At dinner I see Eva approach a stylish couple sitting a few tables over. I can’t hear what she’s saying, but they’re all nodding and smiling. I see Eva hand them each what looks like a business card. Eva has cards? I get up and hobble over to Ted, who’s currently sandwiched between Precious Finger and Zeitgeist. Precious Finger has ordered fries and mayo again and seems to be angling for a replay of last night’s action with Zeitgeist, but he’s having none of it and saves his lechy grin for our leggy waitress. “Eva has cards?” I whisper in Ted’s ear.

“What?”

“Eva has business cards? Did you get her cards already?”
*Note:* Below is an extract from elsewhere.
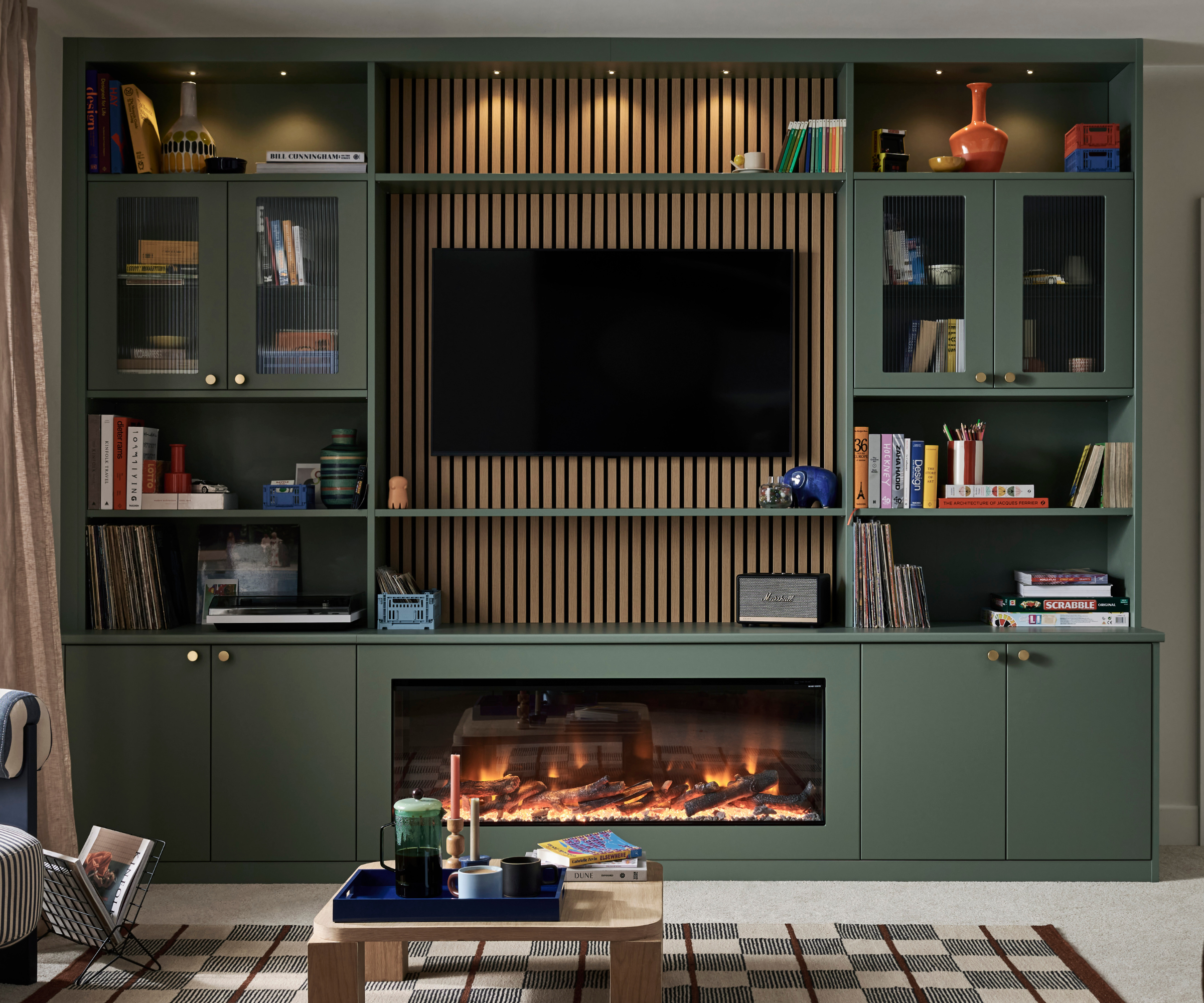 Media wall with panelling behind the tv and above fireplace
“What are you talking about, Sara?” Maybe Ted’s the one who needs to wear a helmet and live in a house with no sharp edges. “I saw Eva giving those people cards and I wanted to know if you ordered her business cards.” I speak very, very slowly.

“They’re your cards,” he says. “She needed something with the Snap address and number so I gave her a stack of your cards so she can invite the right people to tomorrow’s roundtable.”

“Of course. The roundtable.”

“You don’t mind, do you? I’ll order her cards Monday.”

“Monday,” I repeat after Ted.

“Are you all right? You don’t look so good. Maybe you should go home and take it easy.”

“We still have the gig.”

“Eva and I can handle the gig.”

“But she’s staying at my place.”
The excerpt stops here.